Las soluciones parciales con las que el traductor avezado hace frente a estas y otras cuestiones son distintas en cada caso y, por supuesto, existen herramientas, a pesar de la subjetividad aludida, para «medir» lo que distingue una buena traducción de otra mediocre. Pero en todos los casos, las preguntas que ocasiona lo imperfecto de la labor traductora en sí (los hilos, los flecos) son tan interesantes como múltiples e inagotables serán las posibles respuestas.
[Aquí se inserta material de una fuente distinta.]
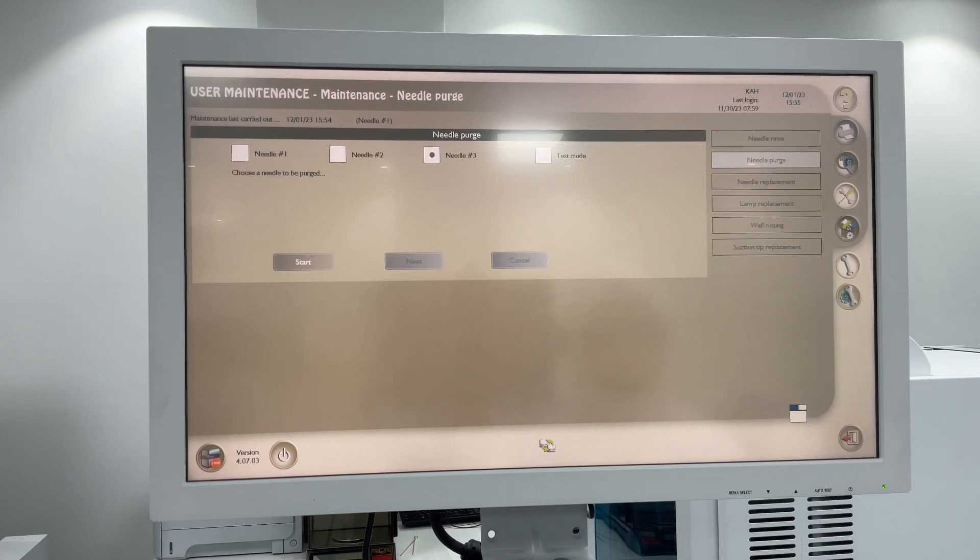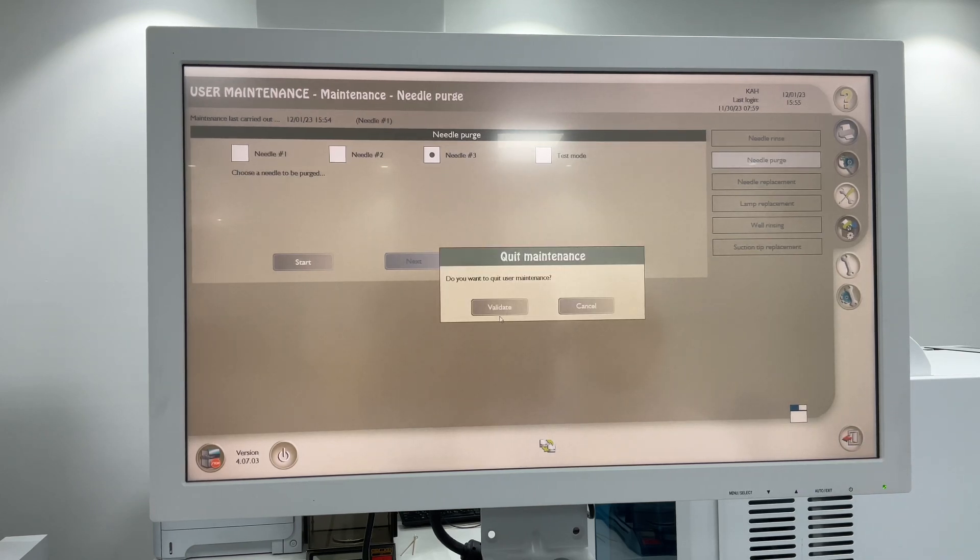After all the maintenance is done, click Return, then Validate.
Para muestra, un botón: la lectora adolescente que, aunque no sepa por qué, tiene criterio suficiente como para apreciar lo bueno en las traducciones de Yevtushenko, sin decidirse a elegir una sobre la otra porque resulta que ambas se complementan, y a las dos necesita; o el intelectual iraní que, despojado de su patria y su vida, se reencuentra con su yo de juventud en los poemas de Bukowski, traducidos sobre la marcha por su hijo, sin que el contexto específico en cada caso importe demasiado o tenga siquiera que ser explicado en un aparte.
Que las palabras viajan de una lengua a otra, es algo que cualquier traductor reconoce en su propio recorrido de ida y vuelta por los diccionarios. Que, además, son puentes que se tienden o puertas o ventanas que se abren, nos lo enseñan estos ejemplos que tienen que ver con cómo el acto de traducir ayuda a afrontar el desarraigo con el que se ha de convivir. Todos los tiempos son tiempos de penuria para alguien: de huida, de retórica agresiva, de exclusión… todas las traducciones son necesarias también para alguien en algún momento de reconstrucción entre los escombros. Son edificios del intelecto, no muros. Cruces de caminos, no fronteras. Y pobre del que así no lo entienda, y chille y se desgañite con el oscuro deseo de ser recibido tal cual, sin interpretación posible. Como si el lenguaje fuese un monolito, en lugar de una roca porosa que va cambiando de forma a merced del viento y el agua. Como si la casa de las lenguas no fuera múltiple, y cambiante, y de todos. Traductora dixit.